- _EXTRACTED INFORMATION_:
[Start of section]
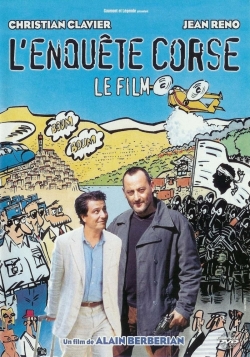 Watch The Corsican File Movies Online Free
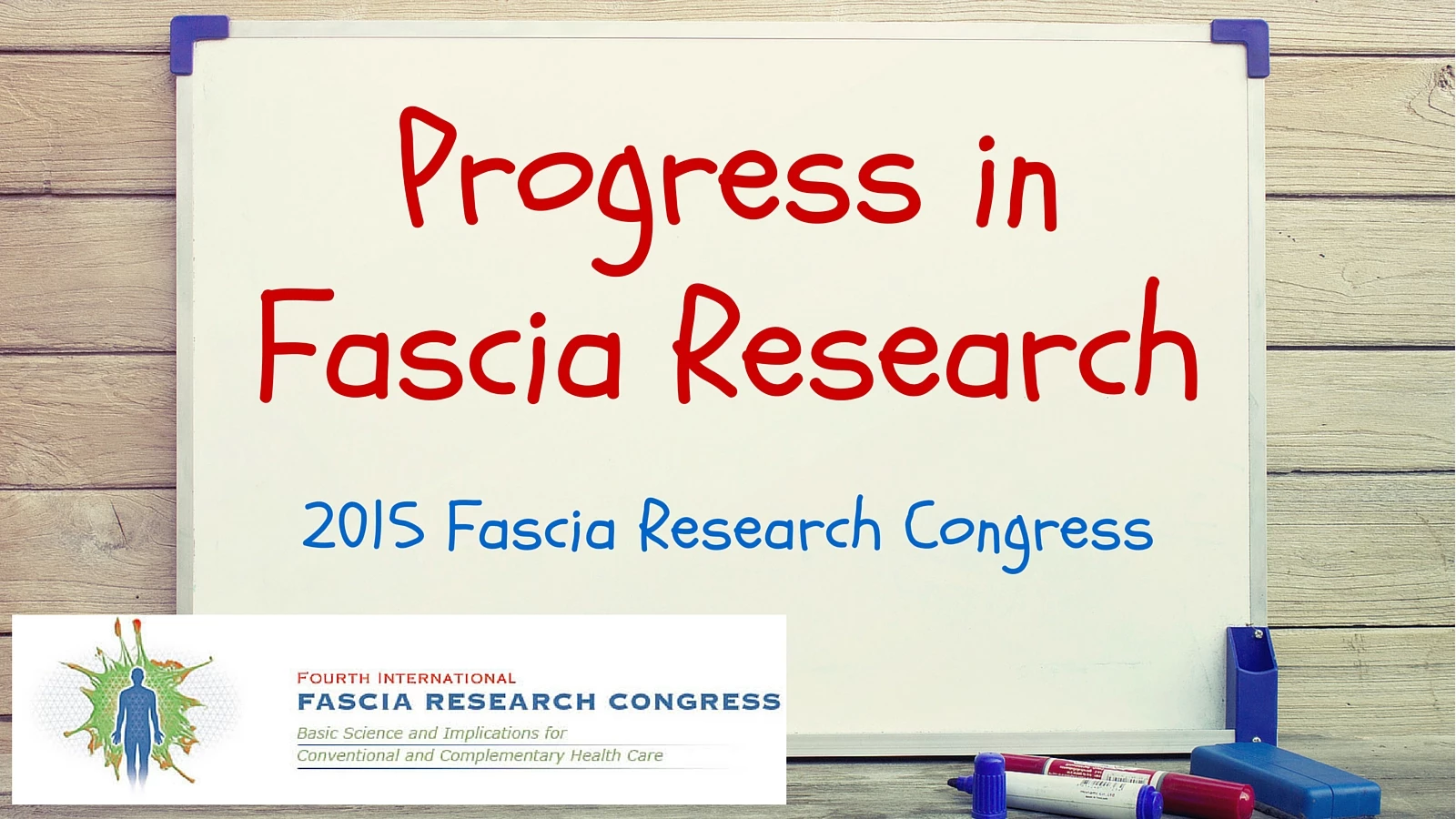 new research on fascia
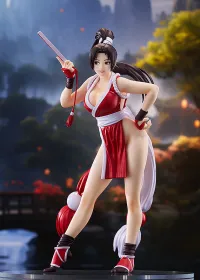 GOOD SMILE COMPANY POP UP PARADE Mai Shiranui - The King of Fighters - photo 3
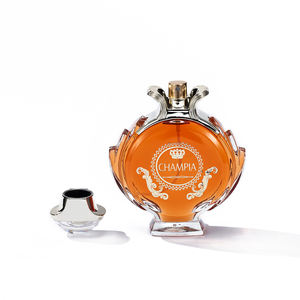 Lovali OEM haute qualité 100ml parfum floral original pour femmes parfum Offre Spéciale marque personnalisée parfum en gros - Product Image 3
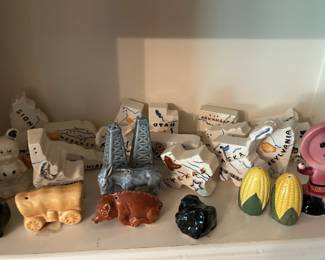 State salt and pepper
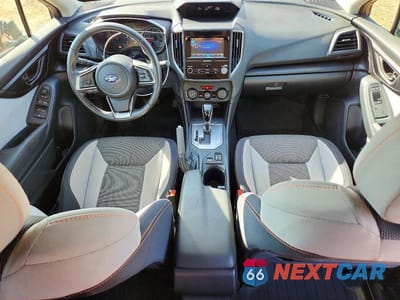 Zdjęcie 8 z 13 samochodu: 2018 SUBARU CROSSTREK PREMIUM VIN:JF2GTABC5JH208916 - miniatura
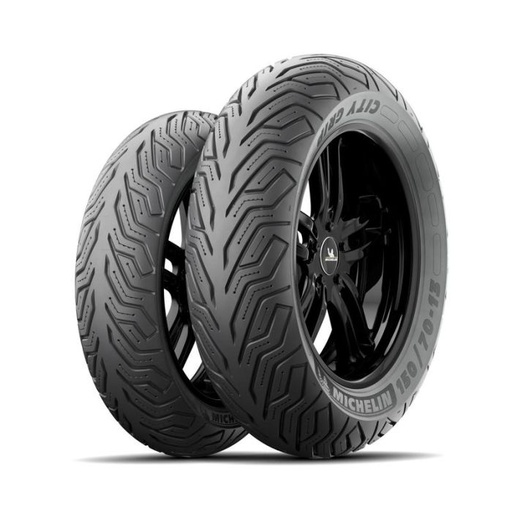 MICHELIN CITY GRIP 2 100/80-16 50S TL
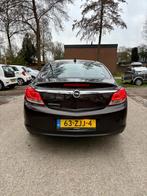 Opel Insignia 1.4 Turbo 103KW 5-DRS 2012 Bruin, Auto's, Opel, 4 cilinders, Bruin, Origineel Nederlands, Handgeschakeld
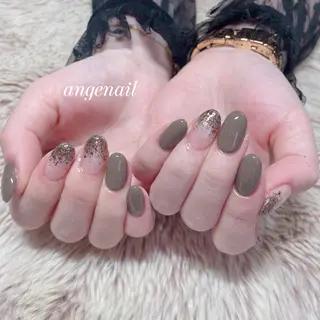 ネイル オーナーネイリスト MAKIのネイルデザイン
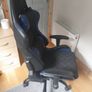 Gxt 707R Gaming Chair Image 3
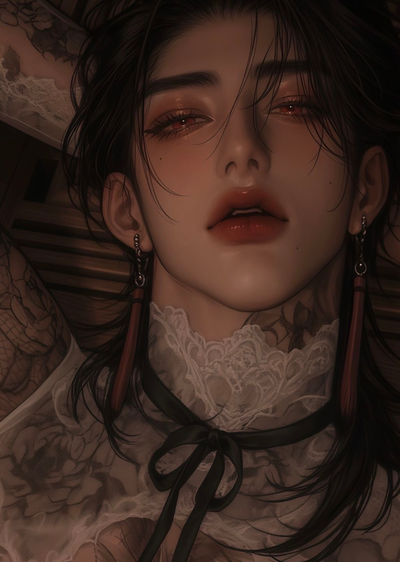 Ace Marlow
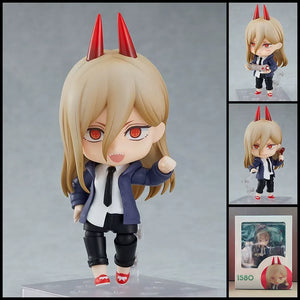 Nendoroid 1580 Power Chainsaw Man Figurine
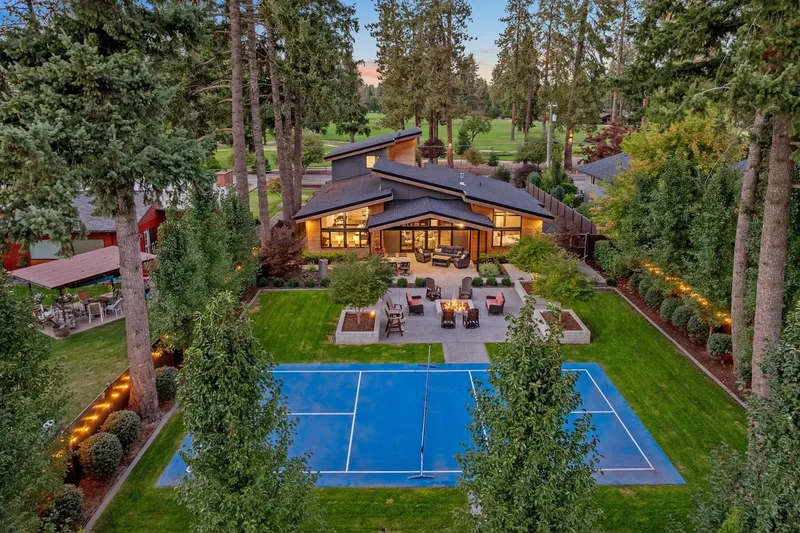 1658 E Hayden Avenue, Hayden Lake, ID 83835, Hayden, Idaho, United States. - Photo 24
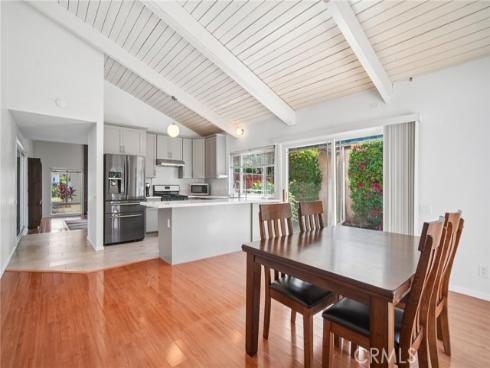19 Woodrush , Irvine, CA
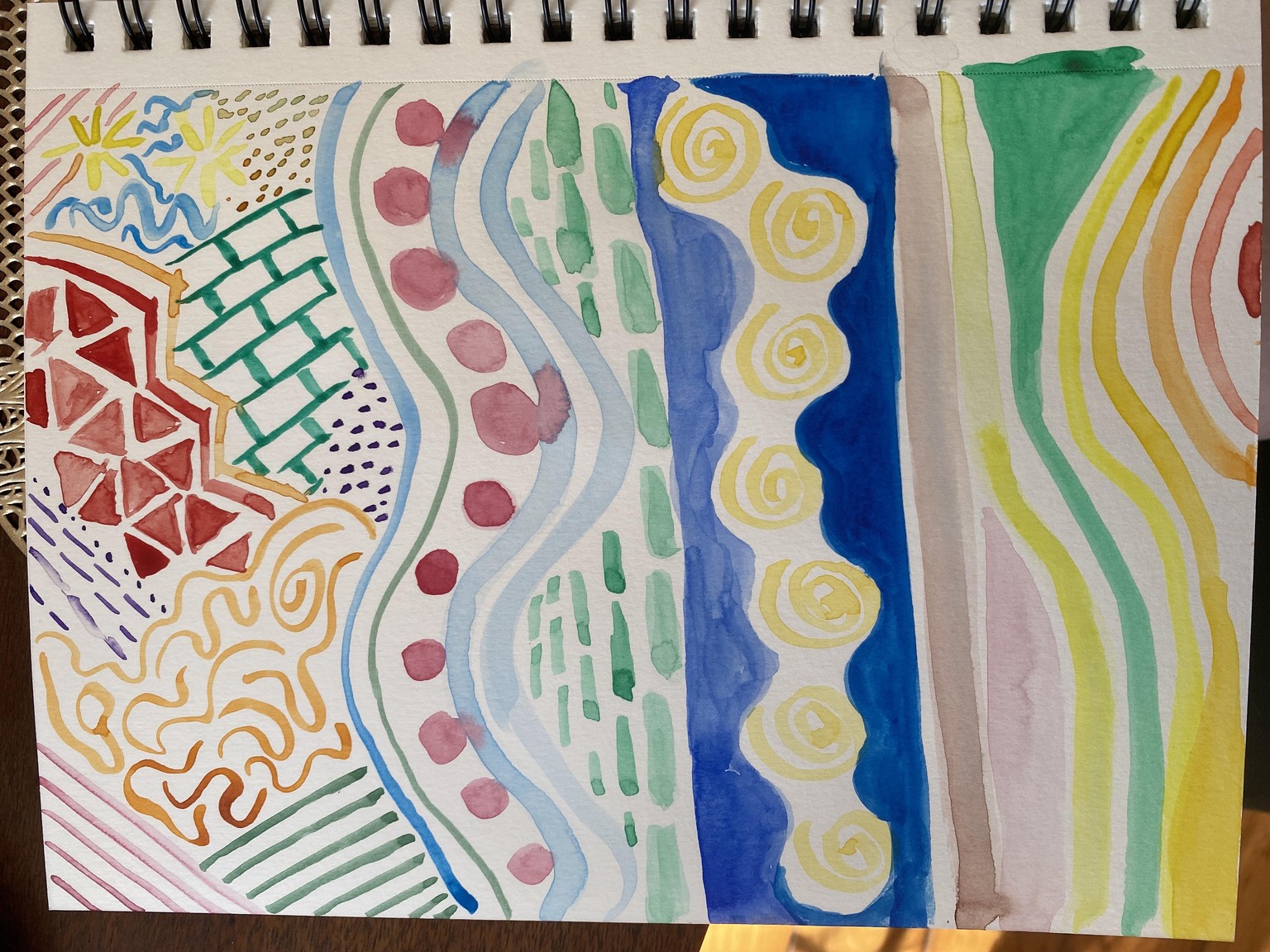 Doodles - image 2 - student project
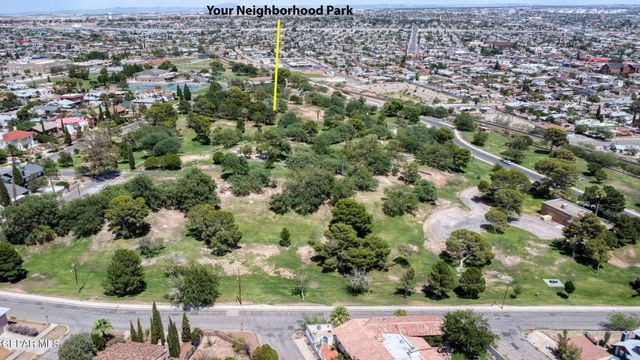 4333 Pershing Drive, El Paso, TX 79903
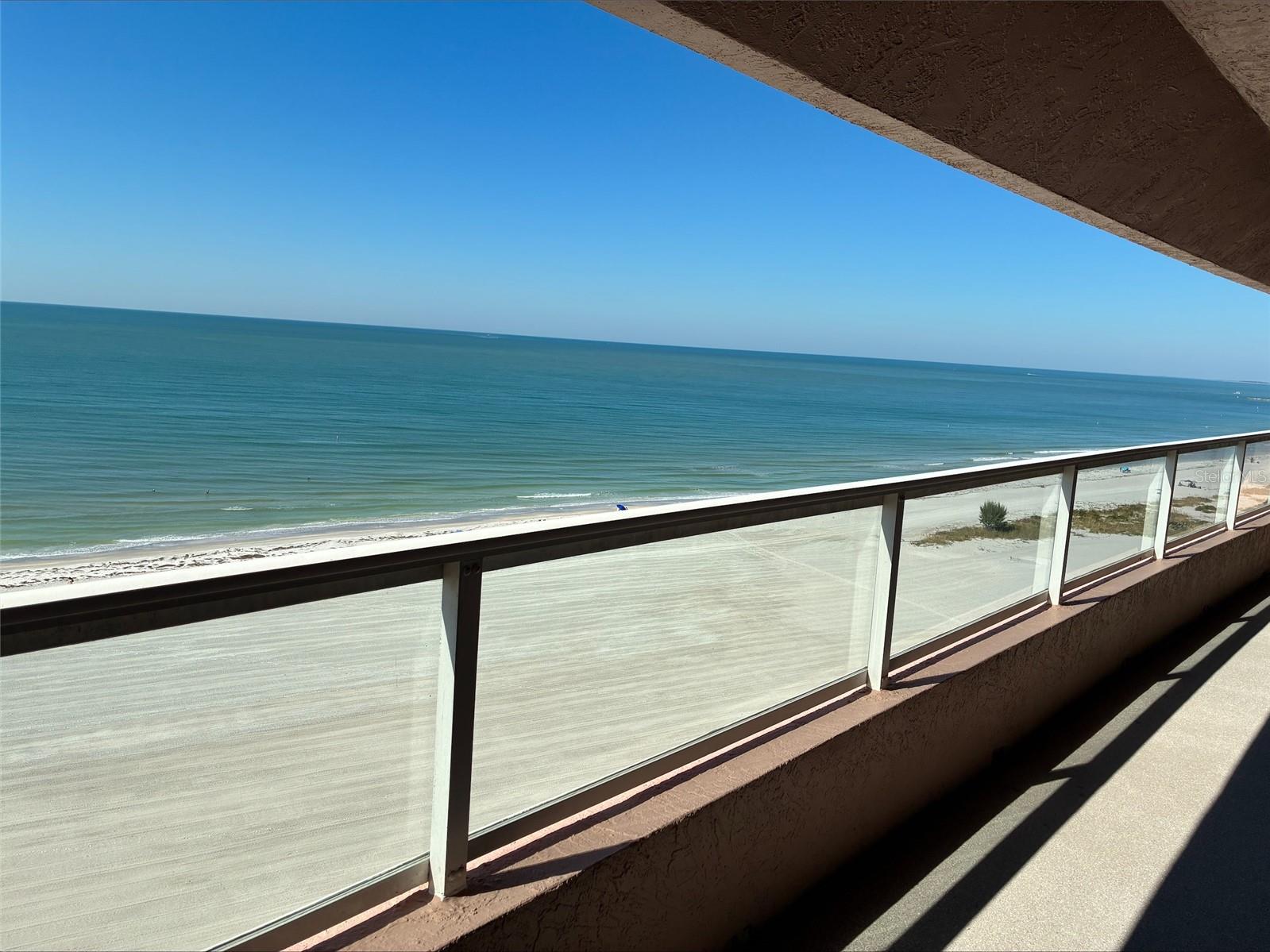 CRESCENT BEACH CLUB ONE CONDO - Residential Lease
[End of section]
- _REQUIREMENT_: Both the line containing "19 Woodrush , Irvine, CA" and the last line of the records above belong in the exact copy, along with every line between them; pictures do not.

- _RESULT BELOW_:
19 Woodrush , Irvine, CA
 Doodles - image 2 - student project
 4333 Pershing Drive, El Paso, TX 79903
 CRESCENT BEACH CLUB ONE CONDO - Residential Lease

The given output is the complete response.